Oberon blinked at him. “I had thought you might want to settle matters between us.”

“A duel?”

“Crudely put. But yes.”

Brand nodded his head. “What would you say to such a suggestion?”

Oberon laughed. His laugh, despite the terribleness of this long day, was light and full of easy joy. How could he, in the face of such horrors, laugh like nothing was wrong? Brand knew he would never understand the Shining Folk.

“That’s your answer? You laugh at me?”

Oberon tilted his head and gazed at him. “I would deny your request. If you attack me now, I will prevail. Each battle we have, I grow respectively stronger. I shall use the bodies of your own troops against you. I have only to wait for midnight, and half your men will fall dead. You have no chance, River-boy. Go back to your Haven and wait out your few remaining years. You should not be here, amongst your betters.”

Brand’s mind flared. The Amber Jewel throbbed, and almost, he launched himself at Oberon.
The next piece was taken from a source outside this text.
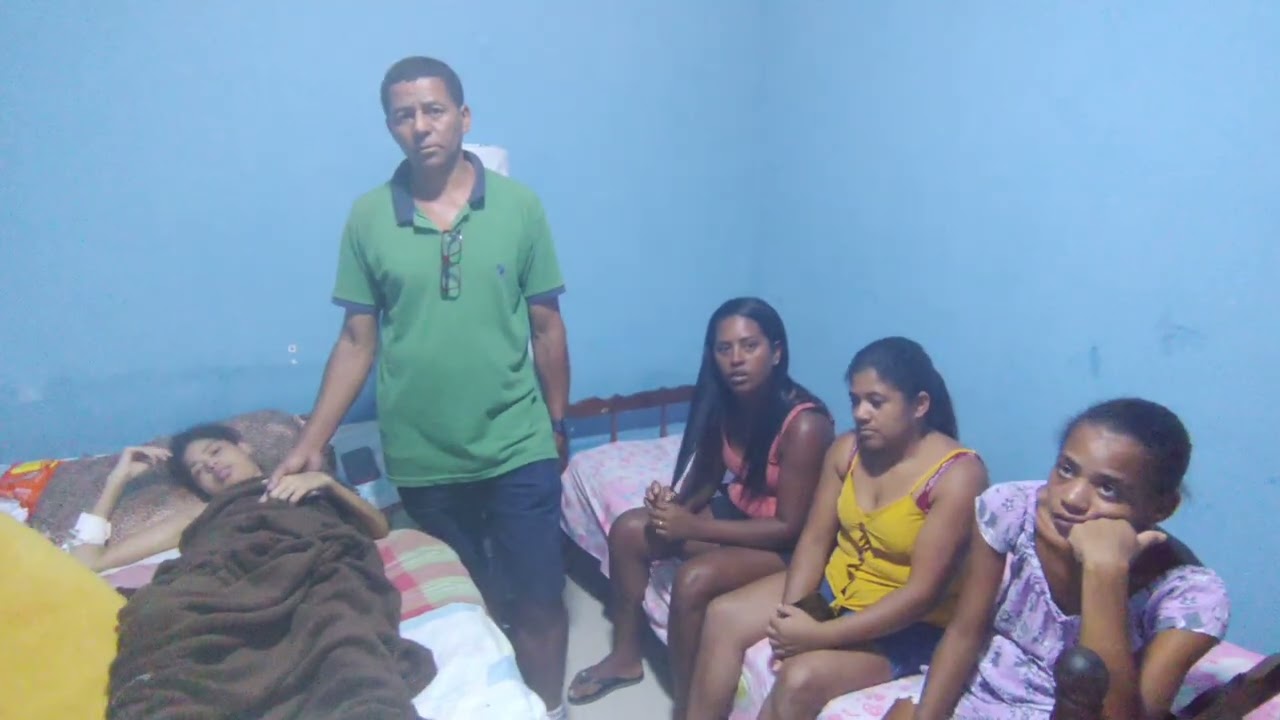 Eu e meu irmão fomos visitar Raissa e Jaine + Raissa não tá bem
But he checked himself. Perhaps this was exactly what the other wanted. If he broke the parlay first, the elf archers would pepper him with arrows. He was too far from his lines to make it back.

With great difficulty, he nodded and smiled. “I see you are afraid.”

Oberon’s eyebrows shot up in surprise. Clearly, this was not the response he had expected. “Whatever do you mean, child?”

Brand nodded, as if with growing certainty. “Gudrin prepares to push out and finish you. We stand at your rear. There is no escape, so you try to trick me into breaking the parlay. A desperate gambit, well-played.”

Oberon made a gesture of annoyance. “If that is all you came to say, then be off with you. Attack or not, as you will.”

“We will attack then. Tomkin will have his new Rainbow up here soon, and we will finish the pack of you. Perhaps the Kindred will help, perhaps not.” Brand shrugged.

“You have no new Rainbow. Tomkin could never have mastered Lavatis so tightly.”

Brand shrugged again and turned to go. “Believe as you will. May the River allow us all to sleep soundly tonight, dead or living.”

“You would be mad to attack. We will fight to the death.”

Brand turned back around, and smiled with half his mouth. “Exactly. Many of us will die, and just as many of your folk. But, our folk grow back at an astonishing rate. In a dozen years, I’ll be back here with an army just as big. My heir will carry the axe if I can’t. Your people will be broken, too few to matter. The world will know new masters.”

Brand turned his back on the elf then, and marched away. He managed to make it a dozen paces.